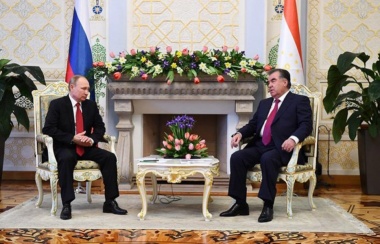 Путин поздравил Эмомали Рахмона с наступающим Новым годом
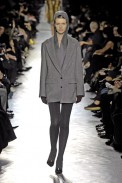 desfiles-ysl-parisinverno2007rtw-110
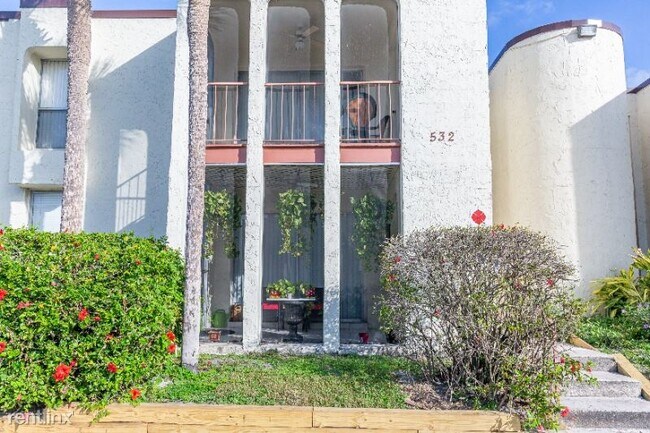 Building Photo - 3 br, 2 bath Condo - 532 Orange Dr 13 Unit 13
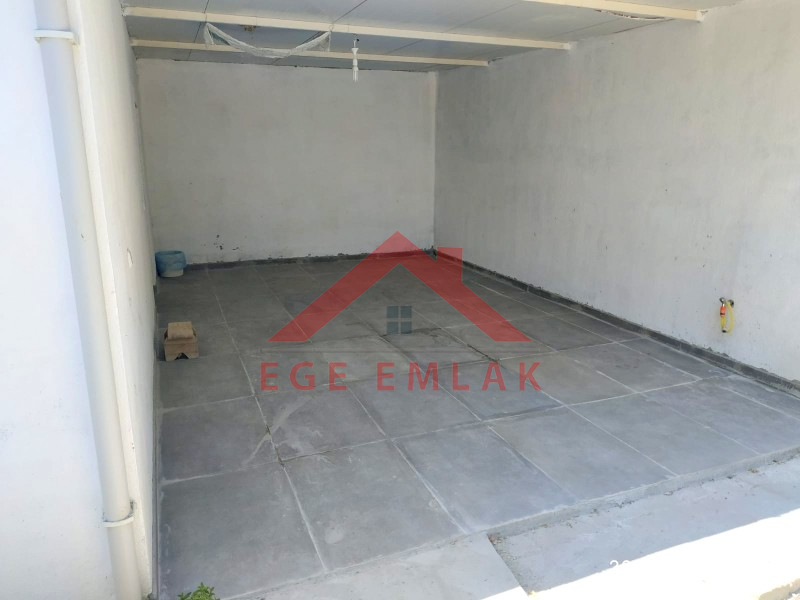 Didim Akyeniköy'de Satılık 1000m2 Arsa ve Ruhsatlı Köy Evi - Ege Emlak Didim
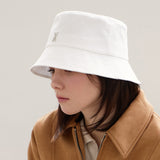 VA Stud Basic Bucket Hat / White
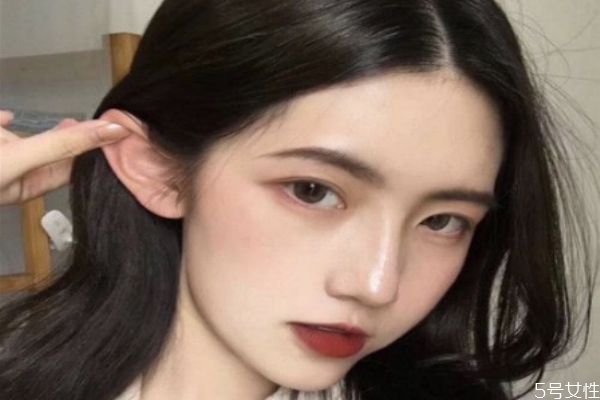 發(fā)質(zhì)不好燙發(fā)要怎么辦 燙過(guò)的頭發(fā)還能再燙嗎 發(fā)質(zhì)不好燙發(fā)要怎么辦 燙過(guò)的頭發(fā)還能再燙嗎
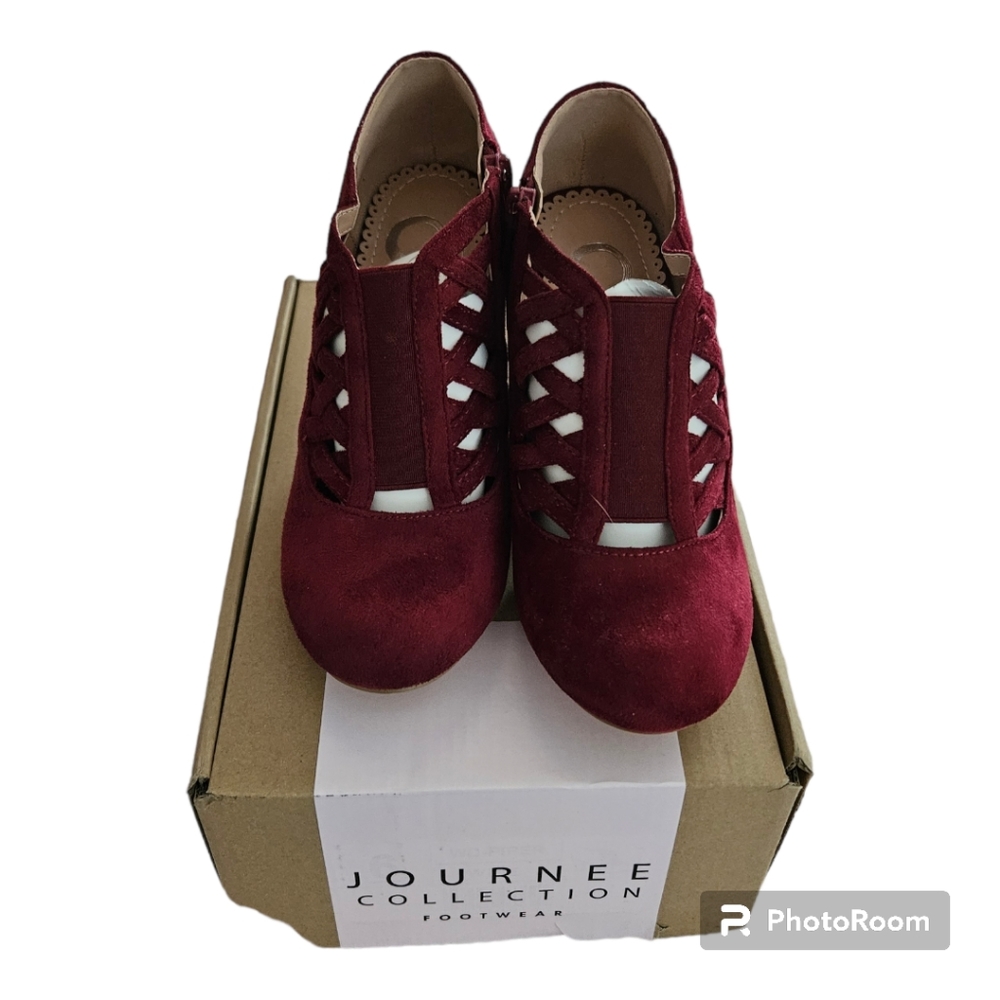 Journee Collection Piper Booties - Picture 5 of 7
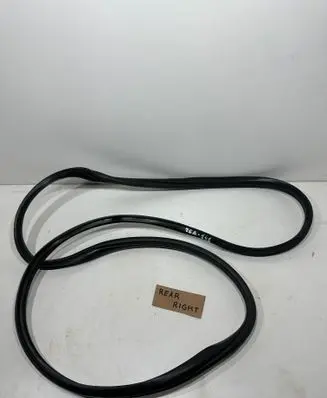 Hyundai i30 Rear door rubber seal (on body)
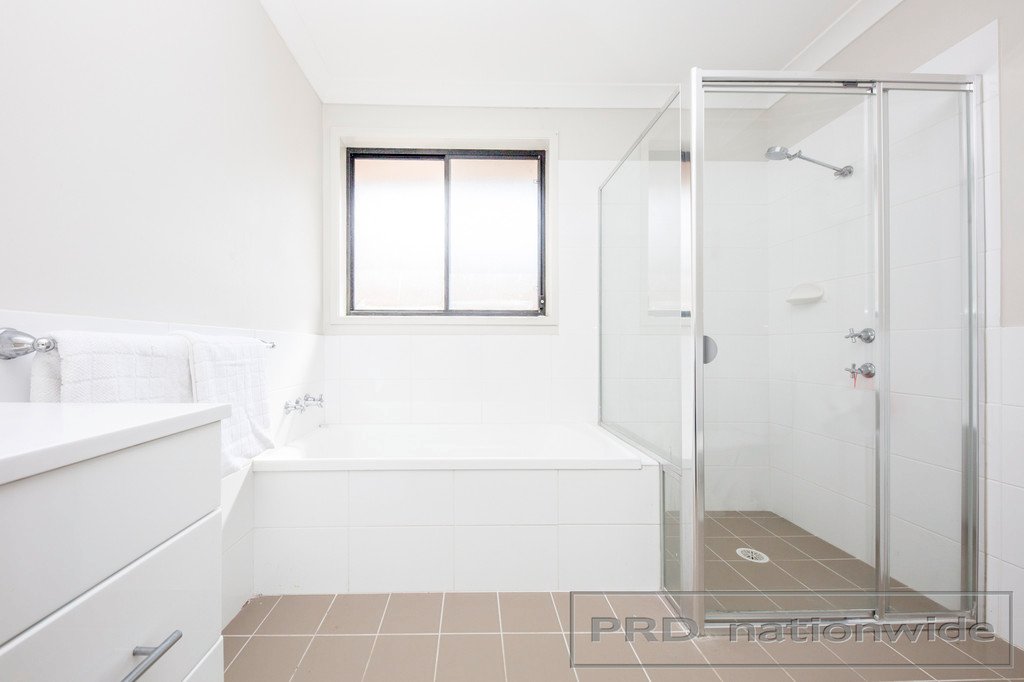 8 Verdelho Ave  CESSNOCK 9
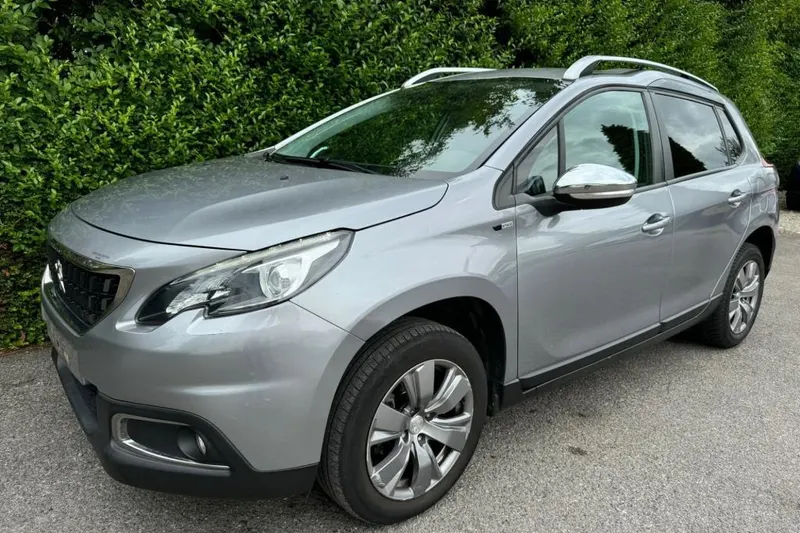 Peugeot 2008 (2017)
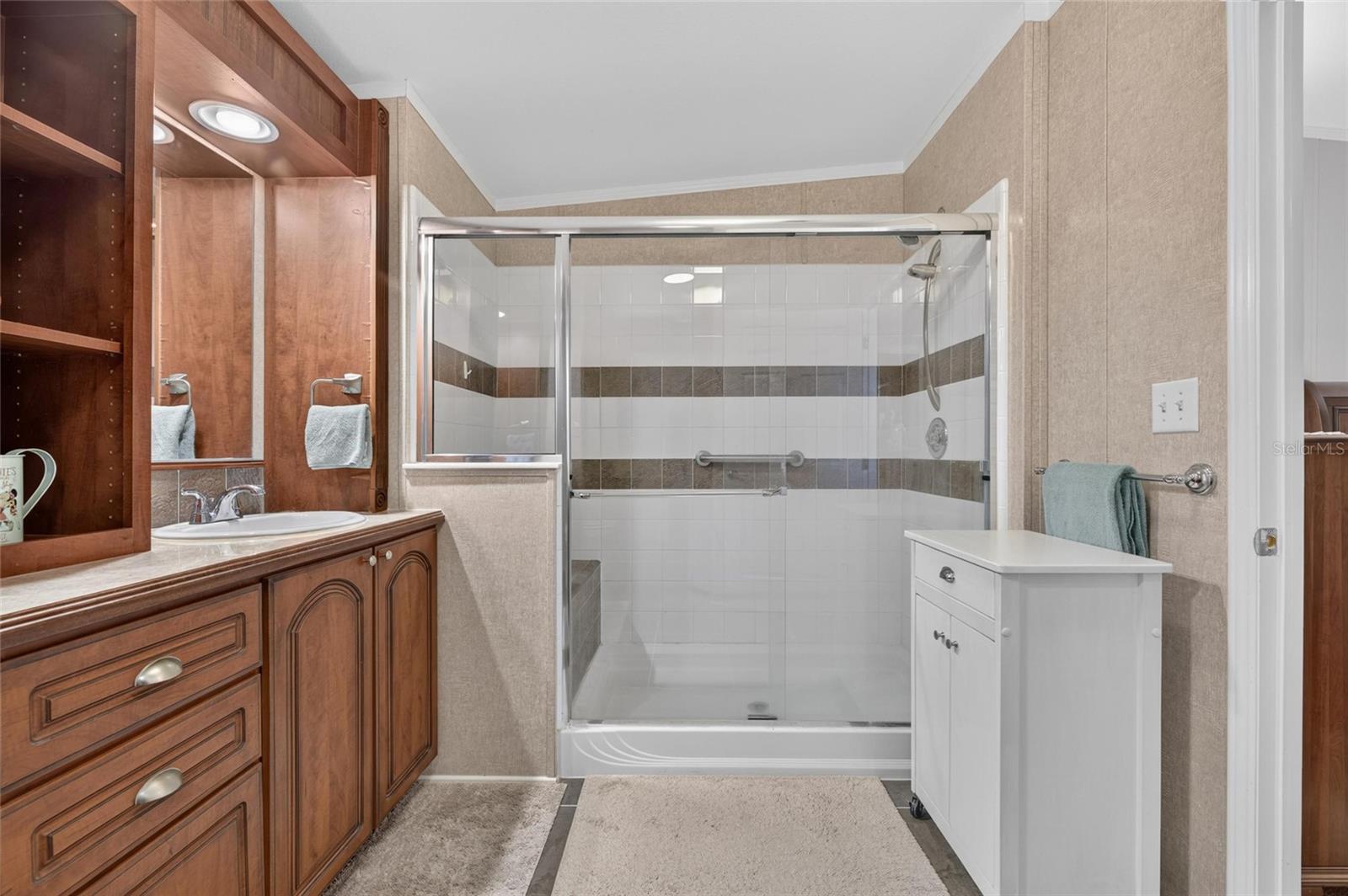 10054 COLLINGWOOD AVE — photo 18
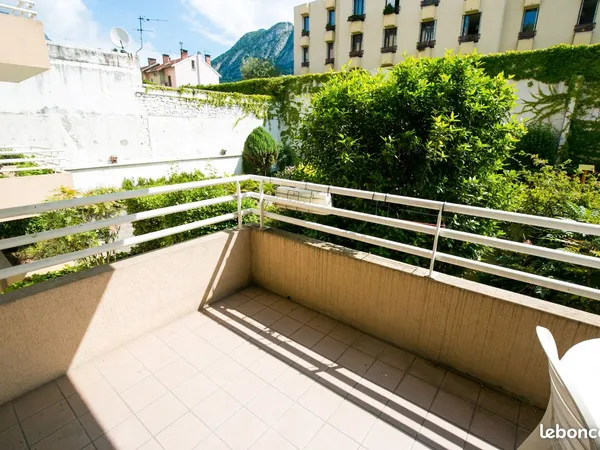 T3 63m² Centre Gare-calme-terrasse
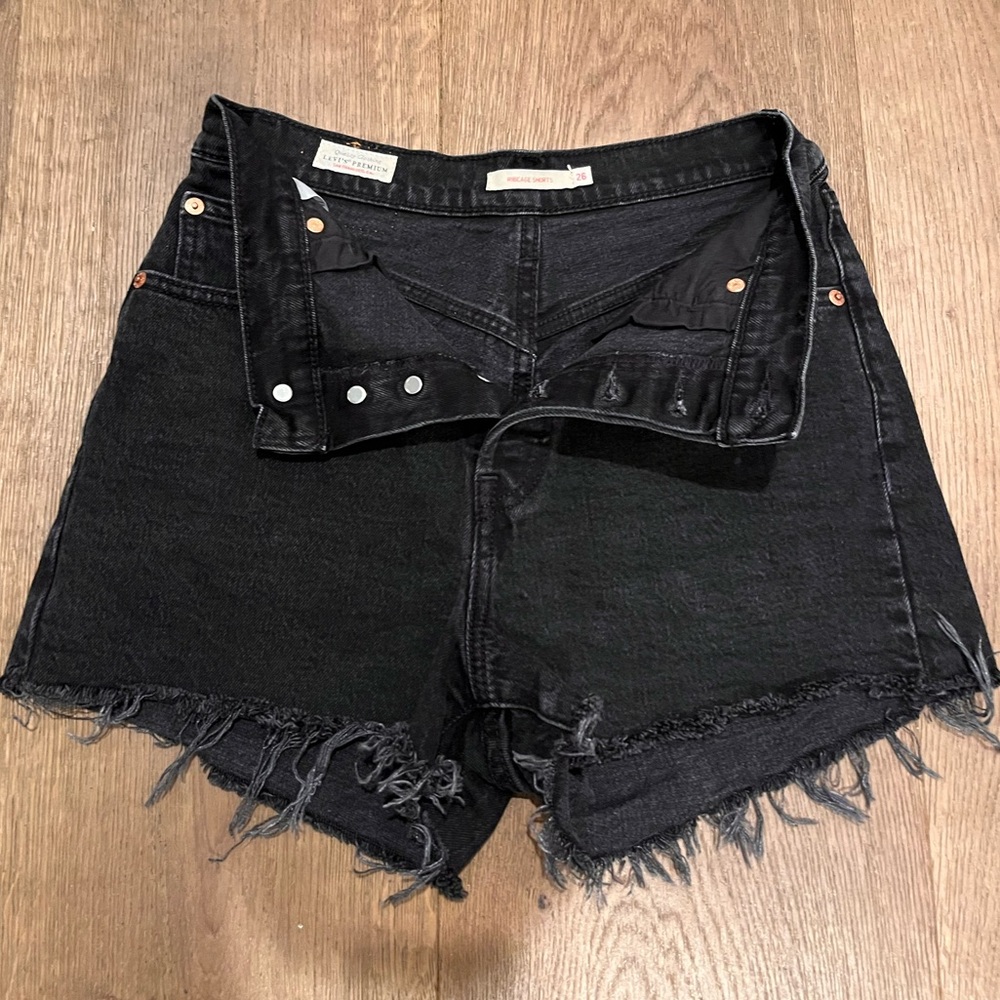 Levi’s Ribcage High Rise Shorts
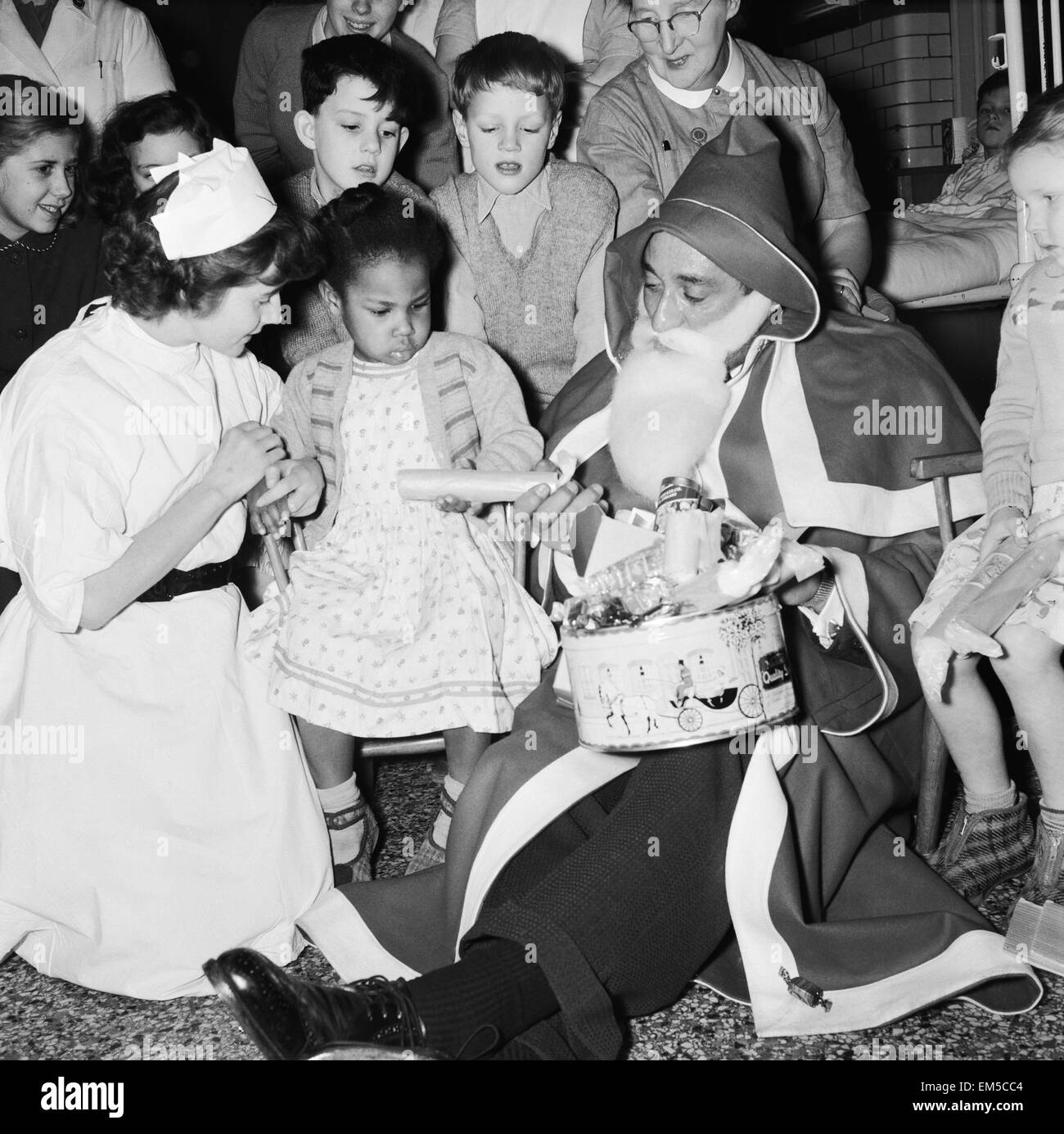 Englischer Musiker Ray Ellington verkleidet als Weihnachtsmann am Paddington Green Hospital für Kinder. 22. Dezember 1957. Stockfoto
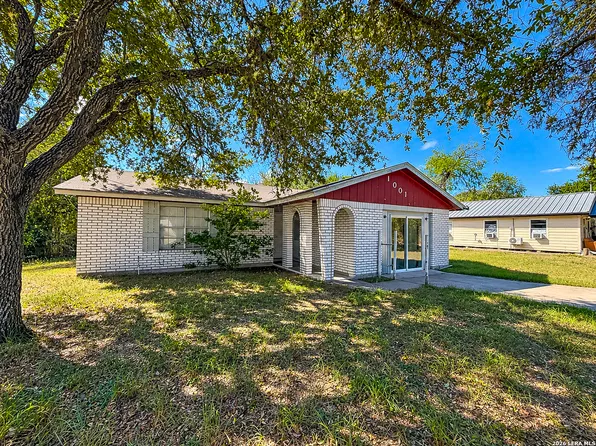 1001 N Avenue B, Beeville, TX 78102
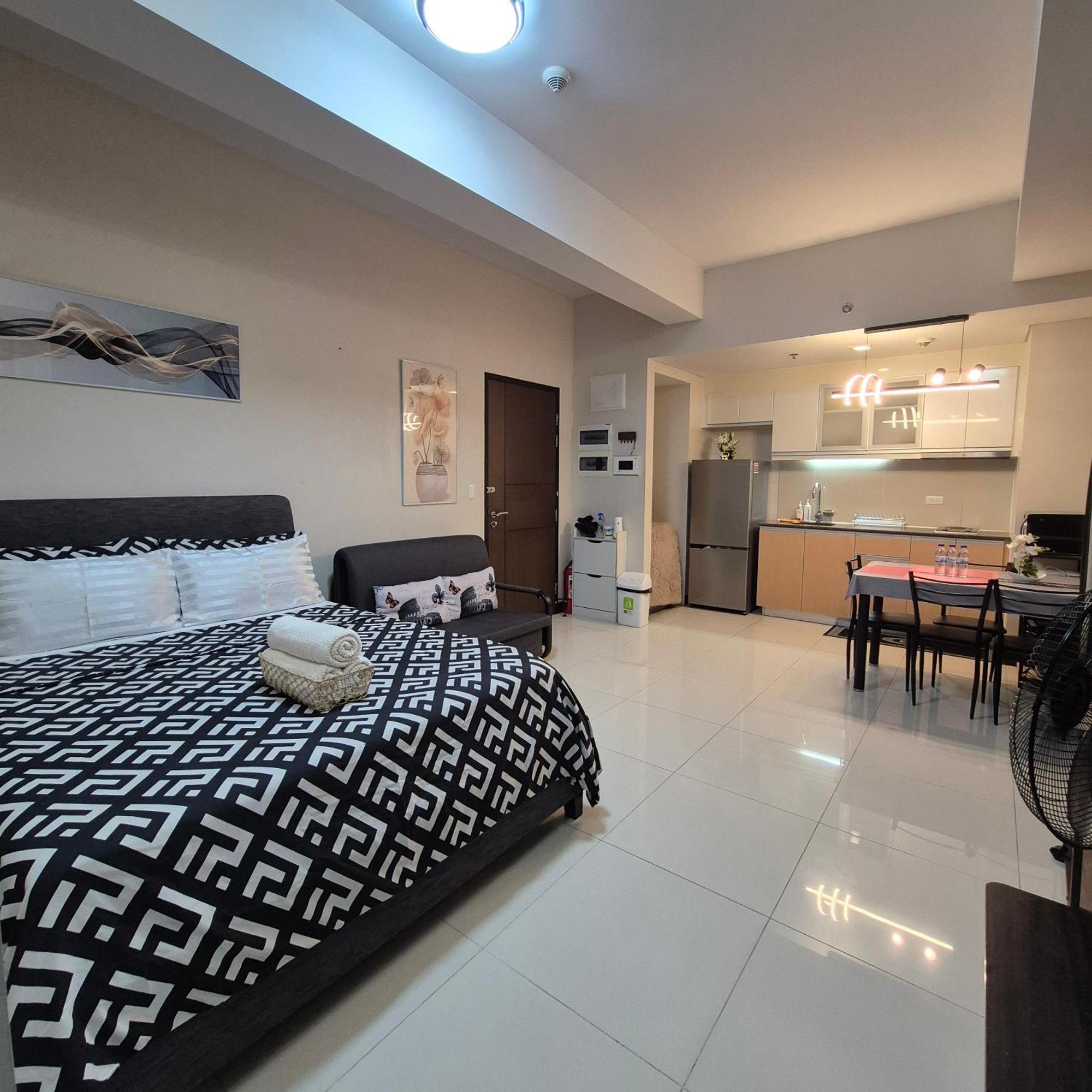 Apartment A&g Condotel At 101 Newport Across Naia T3 Manila
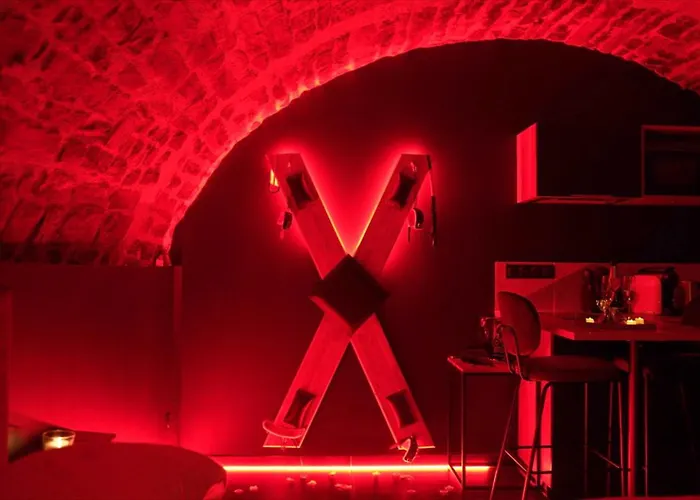 Insolite, Night Secret Groot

## Task details
Leave the pictures out, and copy exactly each line from the one containing "Apartment A&g Condotel" through the final line of the data.

## Result of the exercise
 Apartment A&g Condotel At 101 Newport Across Naia T3 Manila
 Insolite, Night Secret Groot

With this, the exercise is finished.